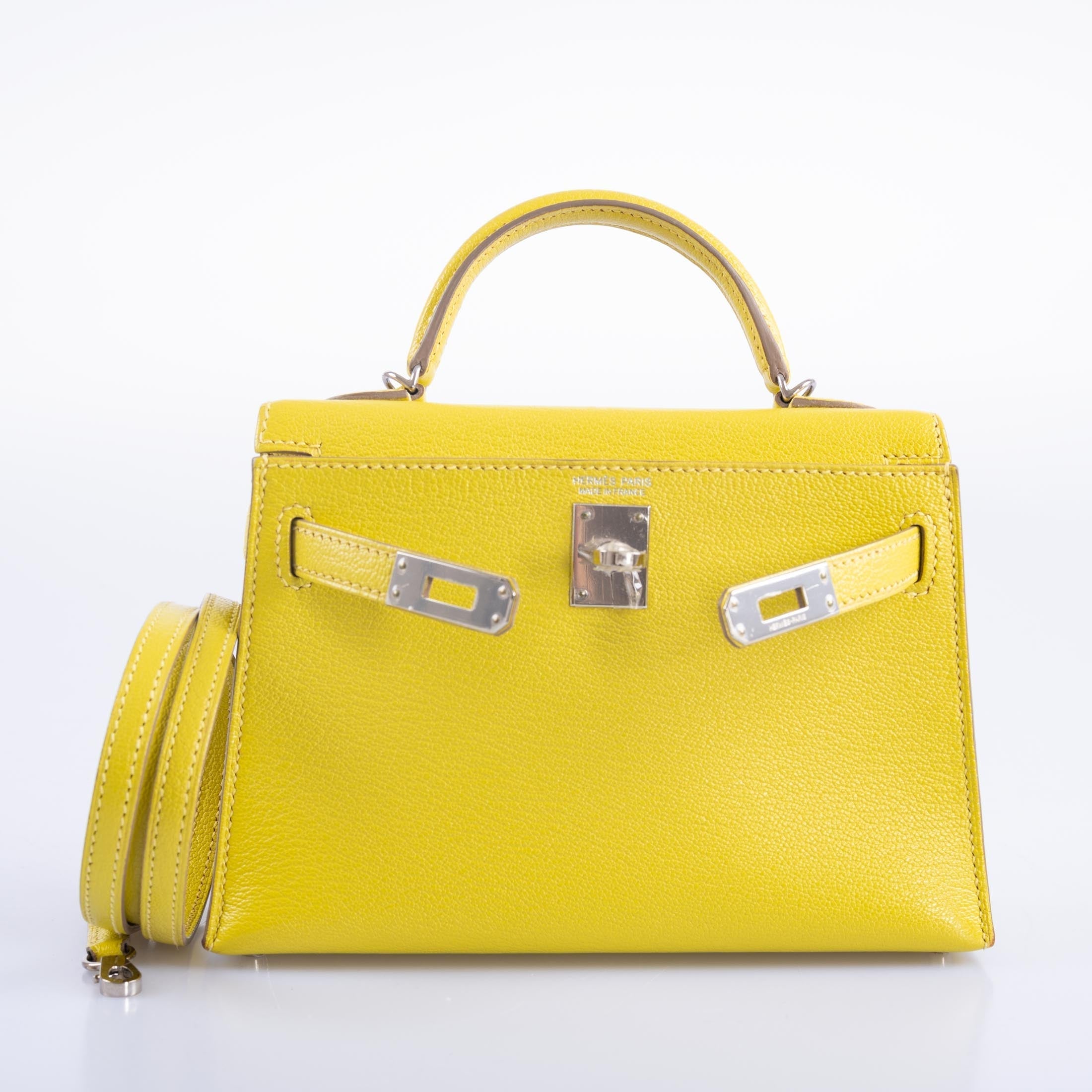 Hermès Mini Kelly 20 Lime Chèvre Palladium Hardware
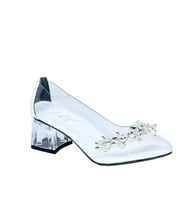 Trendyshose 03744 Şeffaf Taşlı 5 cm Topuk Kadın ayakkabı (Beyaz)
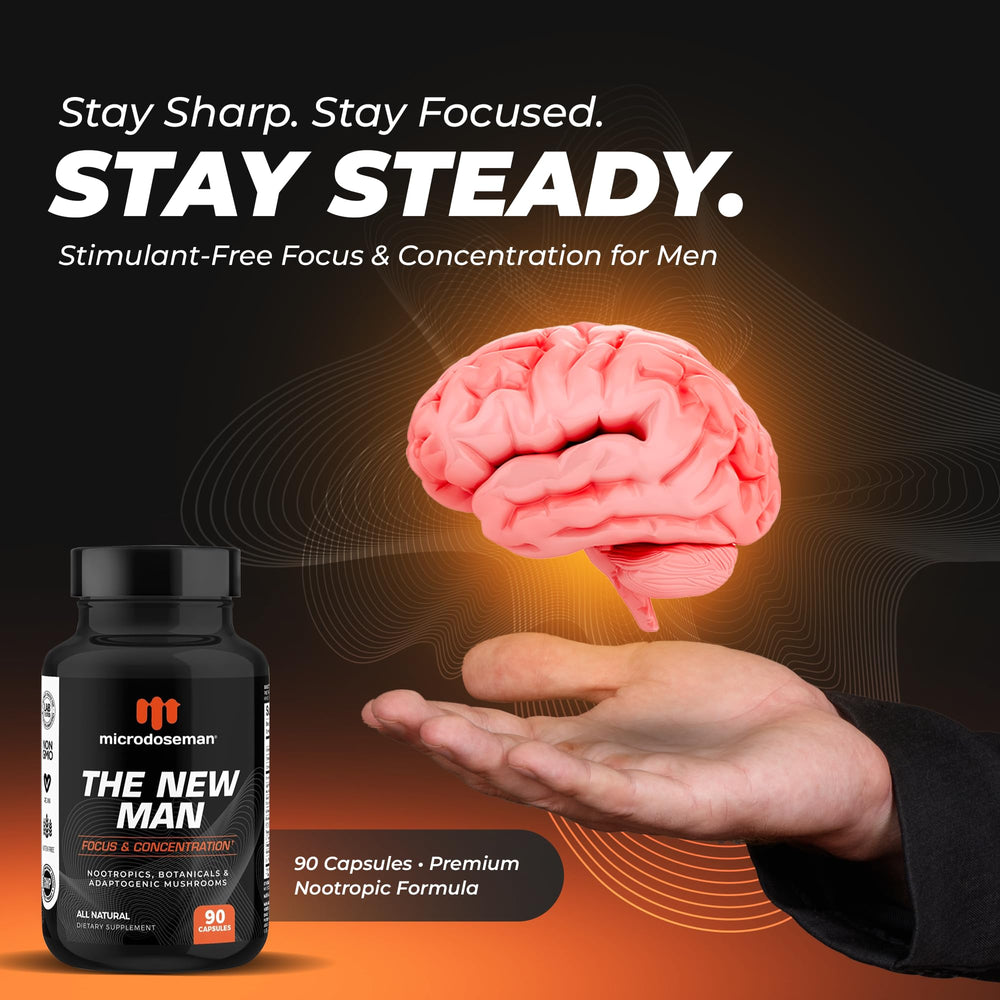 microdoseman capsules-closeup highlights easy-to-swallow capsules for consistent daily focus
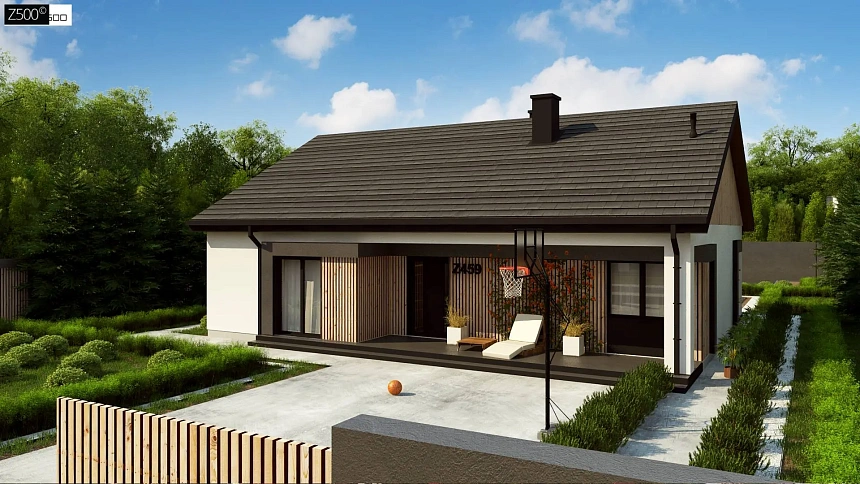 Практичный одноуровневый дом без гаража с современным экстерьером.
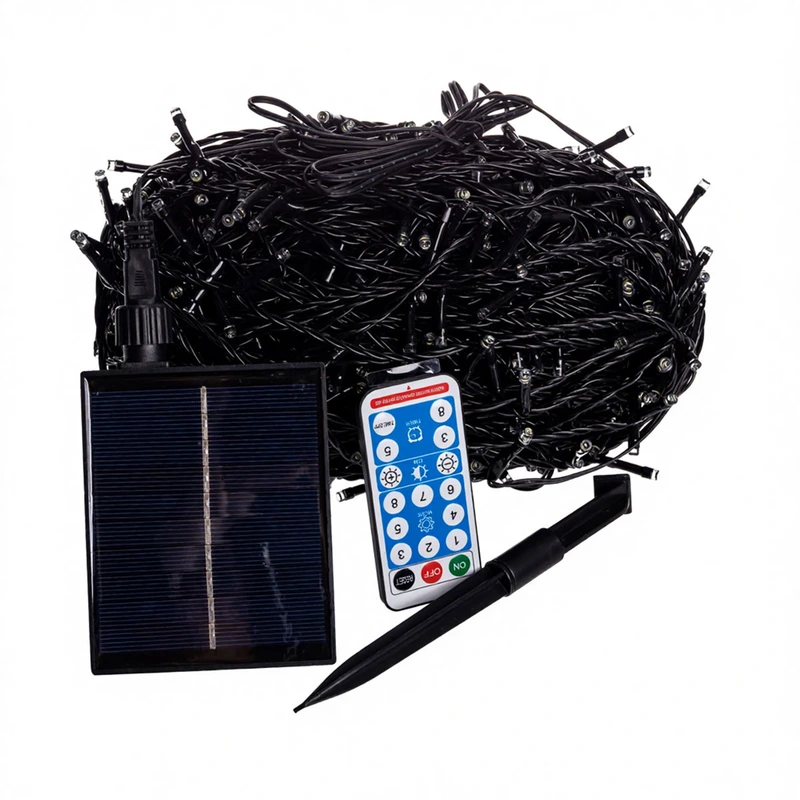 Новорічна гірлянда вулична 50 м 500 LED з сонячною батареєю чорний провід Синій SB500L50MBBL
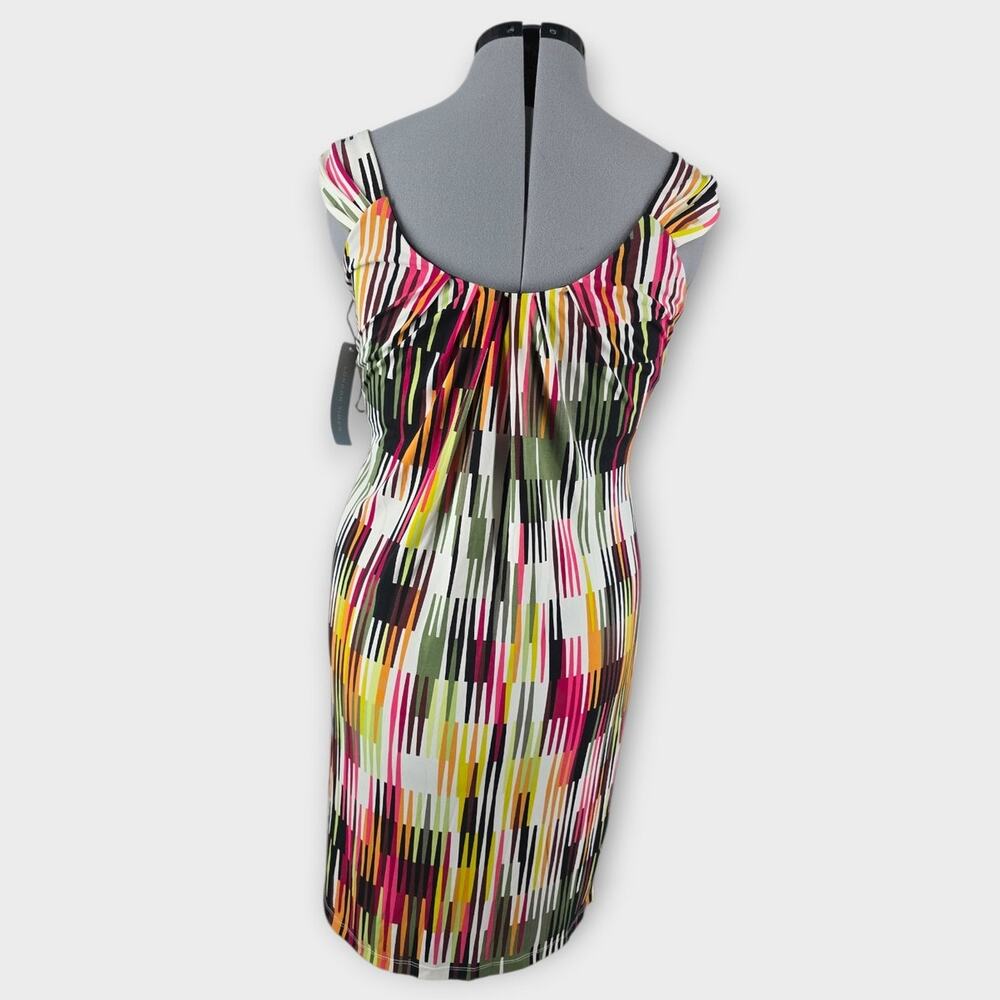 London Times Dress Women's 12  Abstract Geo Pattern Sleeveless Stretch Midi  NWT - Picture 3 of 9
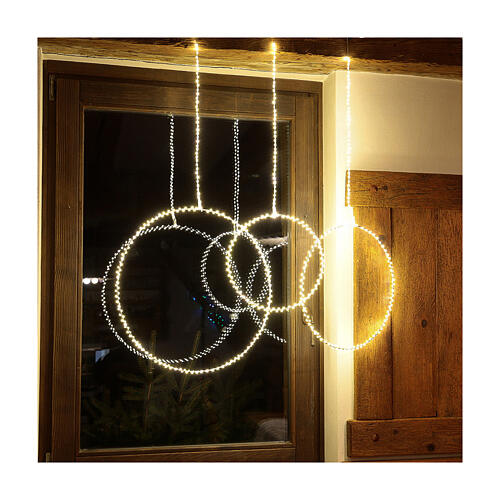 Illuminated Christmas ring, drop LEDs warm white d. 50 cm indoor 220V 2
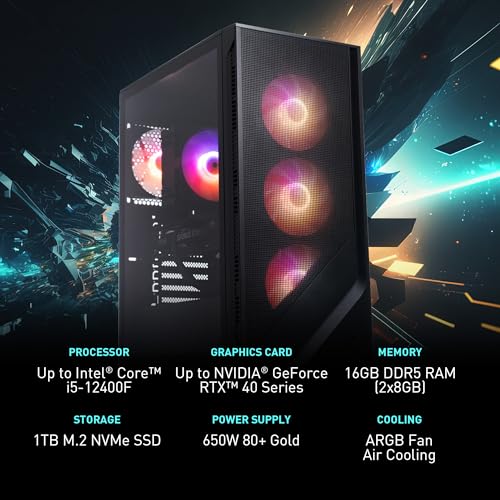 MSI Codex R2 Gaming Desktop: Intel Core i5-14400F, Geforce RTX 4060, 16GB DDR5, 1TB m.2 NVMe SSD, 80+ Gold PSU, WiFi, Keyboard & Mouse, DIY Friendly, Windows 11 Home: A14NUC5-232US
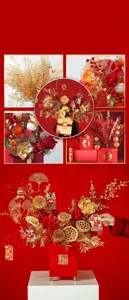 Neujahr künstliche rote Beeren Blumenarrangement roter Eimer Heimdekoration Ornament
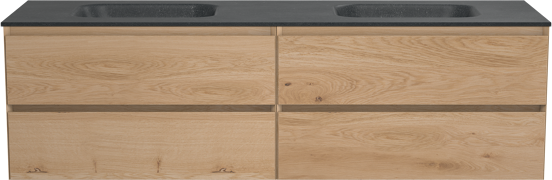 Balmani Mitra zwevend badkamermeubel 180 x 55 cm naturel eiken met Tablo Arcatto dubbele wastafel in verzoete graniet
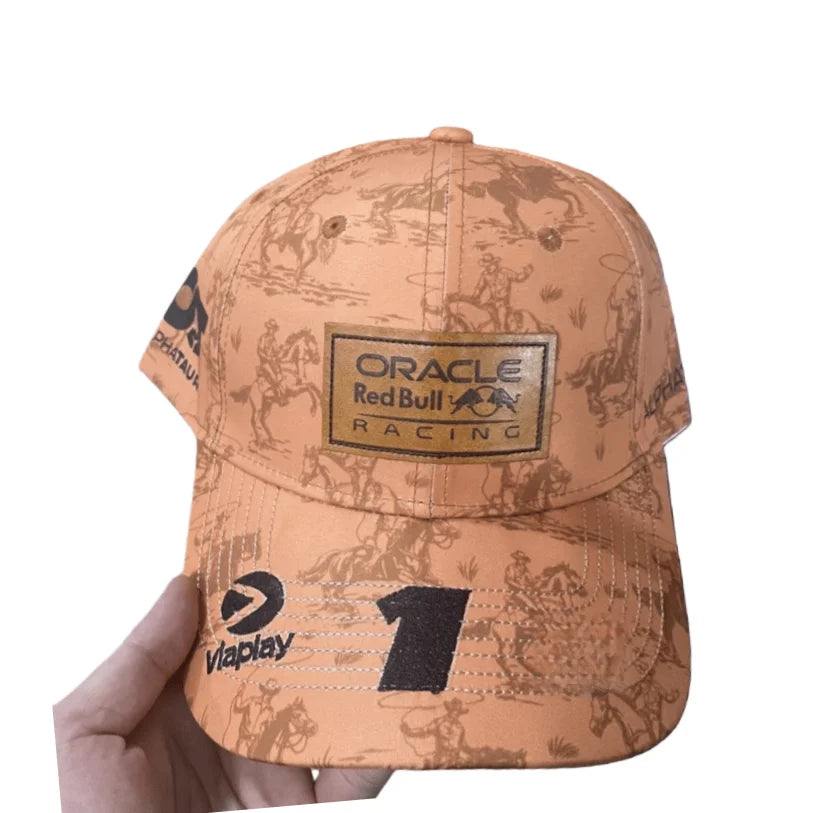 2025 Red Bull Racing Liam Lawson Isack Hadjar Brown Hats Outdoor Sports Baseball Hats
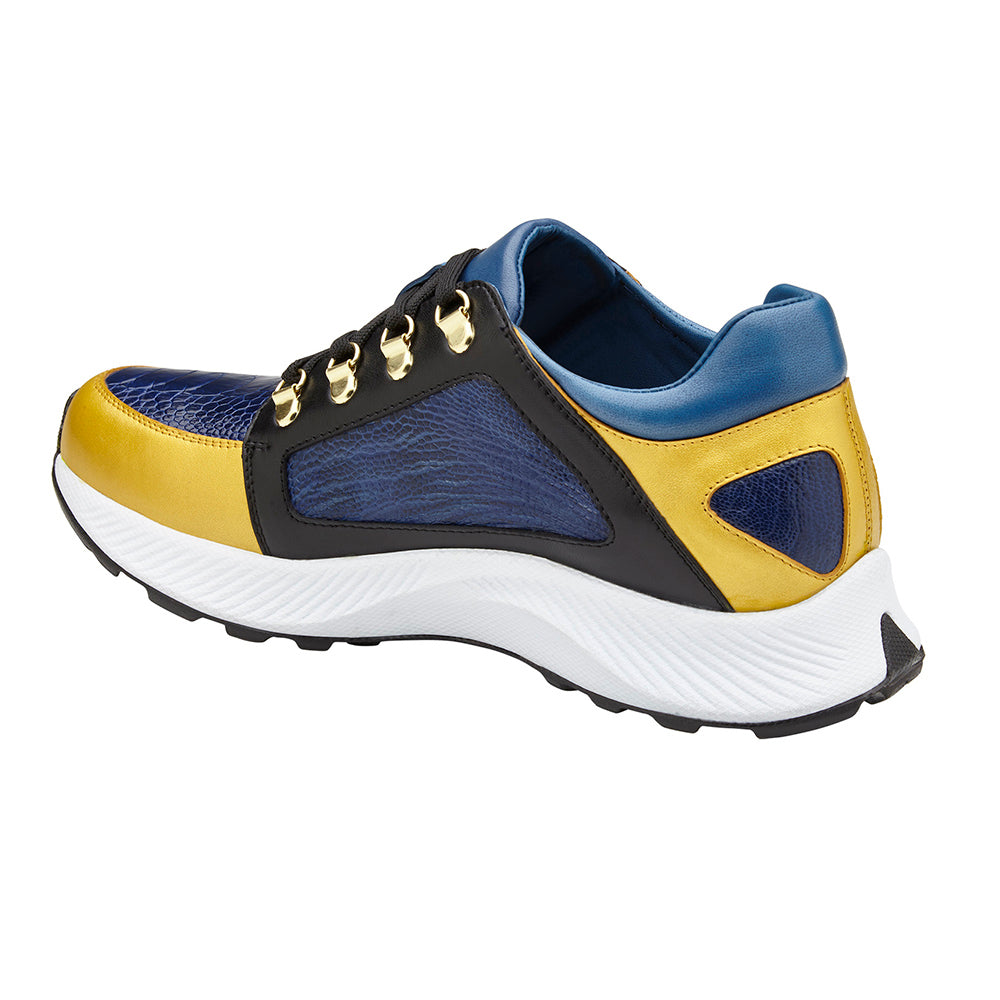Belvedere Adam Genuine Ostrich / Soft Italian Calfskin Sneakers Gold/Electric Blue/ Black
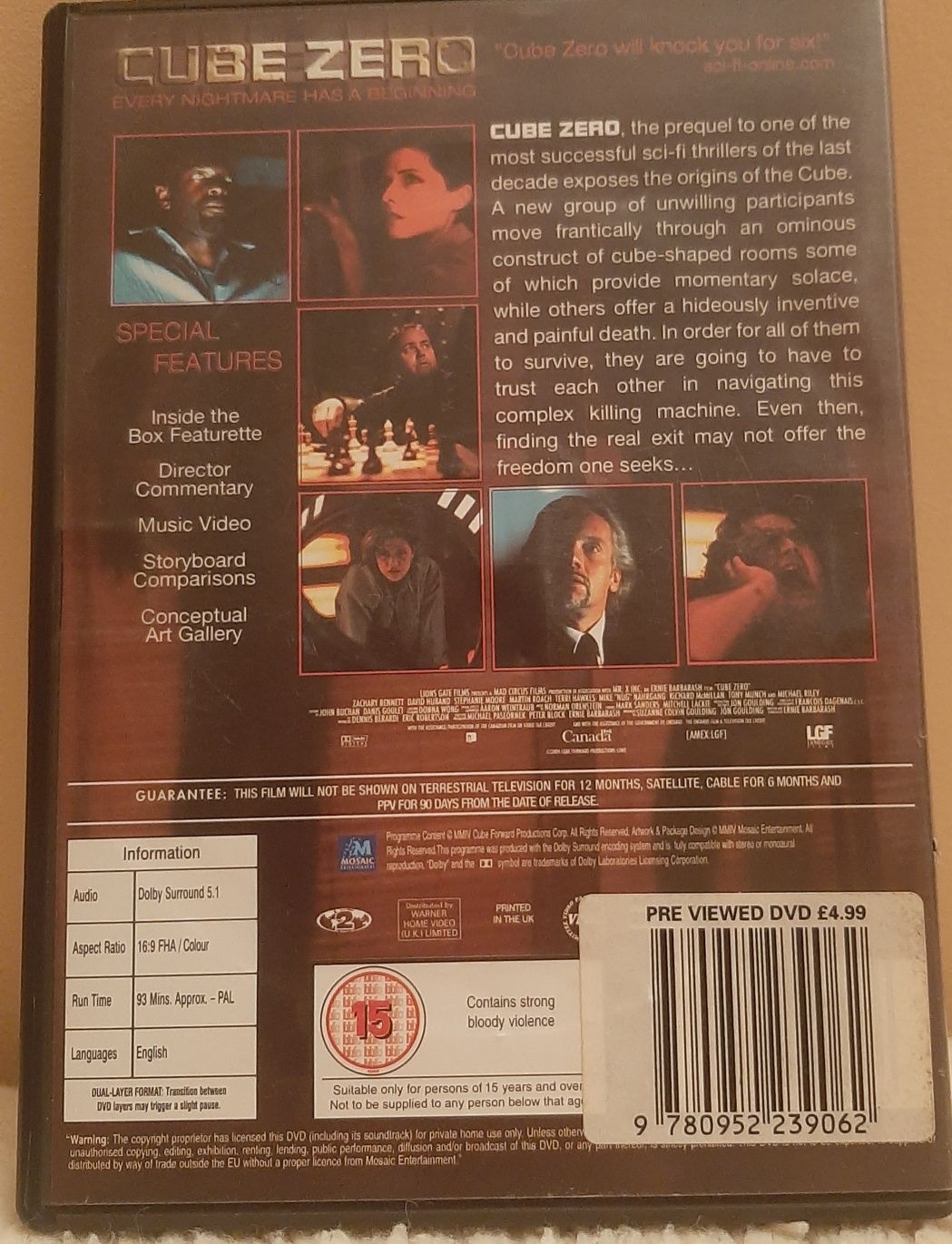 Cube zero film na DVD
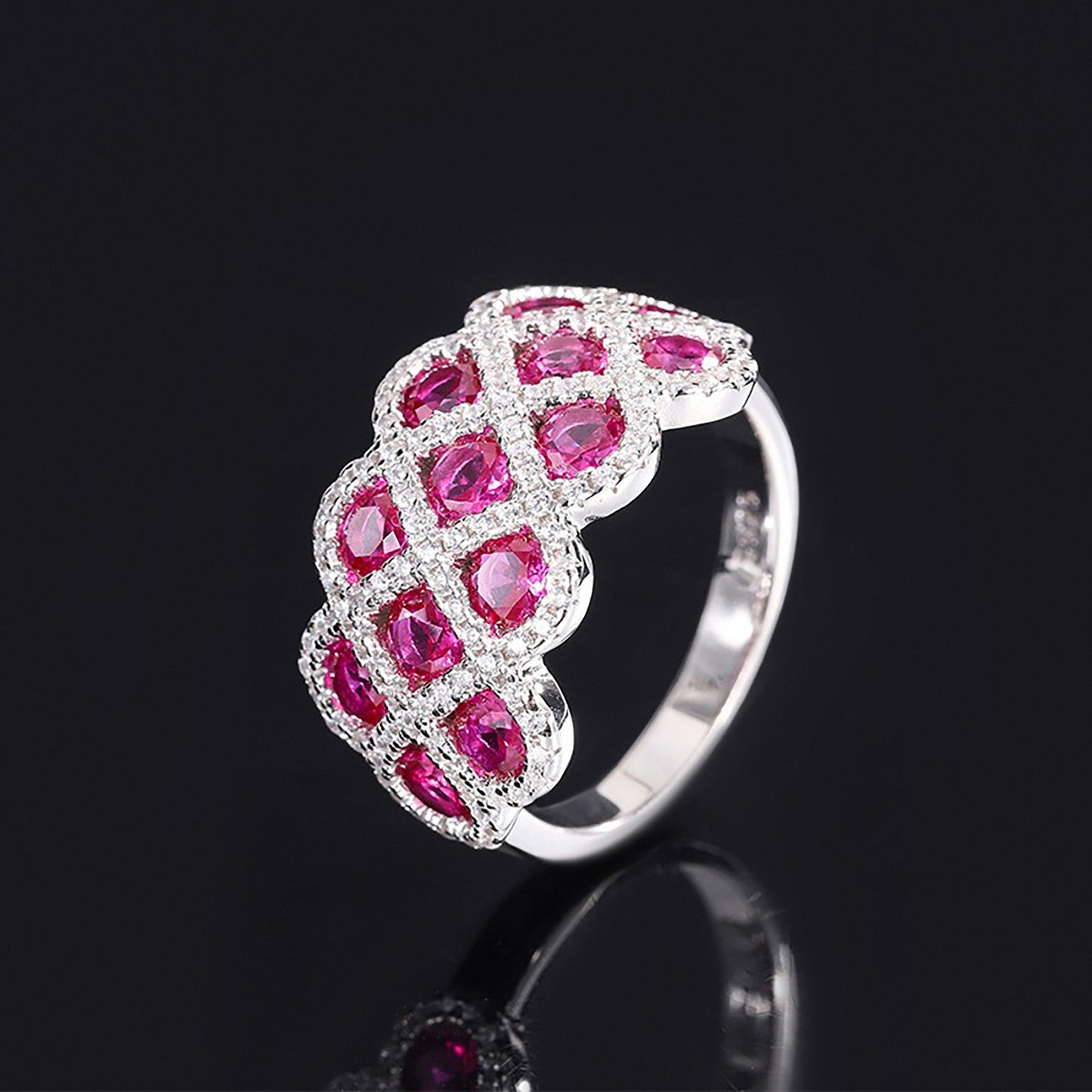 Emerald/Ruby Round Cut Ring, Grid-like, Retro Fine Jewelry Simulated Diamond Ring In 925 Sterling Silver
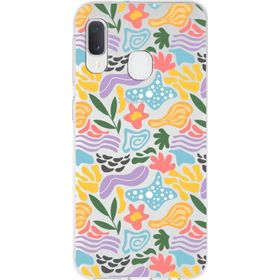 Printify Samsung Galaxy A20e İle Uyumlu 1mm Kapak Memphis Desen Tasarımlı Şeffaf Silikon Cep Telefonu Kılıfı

####

ACTIVITY
What is needed is an exact copy of the lines above from the one with "microdoseman capsules-closeup highlights" to the one with "Emerald/Ruby Round Cut", both ends kept, and nothing more; please leave the pictures out.

TASK SOLUTION
 microdoseman capsules-closeup highlights easy-to-swallow capsules for consistent daily focus
 Практичный одноуровневый дом без гаража с современным экстерьером.
 Новорічна гірлянда вулична 50 м 500 LED з сонячною батареєю чорний провід Синій SB500L50MBBL
 London Times Dress Women's 12  Abstract Geo Pattern Sleeveless Stretch Midi  NWT - Picture 3 of 9
 Illuminated Christmas ring, drop LEDs warm white d. 50 cm indoor 220V 2
 MSI Codex R2 Gaming Desktop: Intel Core i5-14400F, Geforce RTX 4060, 16GB DDR5, 1TB m.2 NVMe SSD, 80+ Gold PSU, WiFi, Keyboard & Mouse, DIY Friendly, Windows 11 Home: A14NUC5-232US
 Neujahr künstliche rote Beeren Blumenarrangement roter Eimer Heimdekoration Ornament
 Balmani Mitra zwevend badkamermeubel 180 x 55 cm naturel eiken met Tablo Arcatto dubbele wastafel in verzoete graniet
 2025 Red Bull Racing Liam Lawson Isack Hadjar Brown Hats Outdoor Sports Baseball Hats
Belvedere Adam Genuine Ostrich / Soft Italian Calfskin Sneakers Gold/Electric Blue/ Black
 Cube zero film na DVD
 Emerald/Ruby Round Cut Ring, Grid-like, Retro Fine Jewelry Simulated Diamond Ring In 925 Sterling Silver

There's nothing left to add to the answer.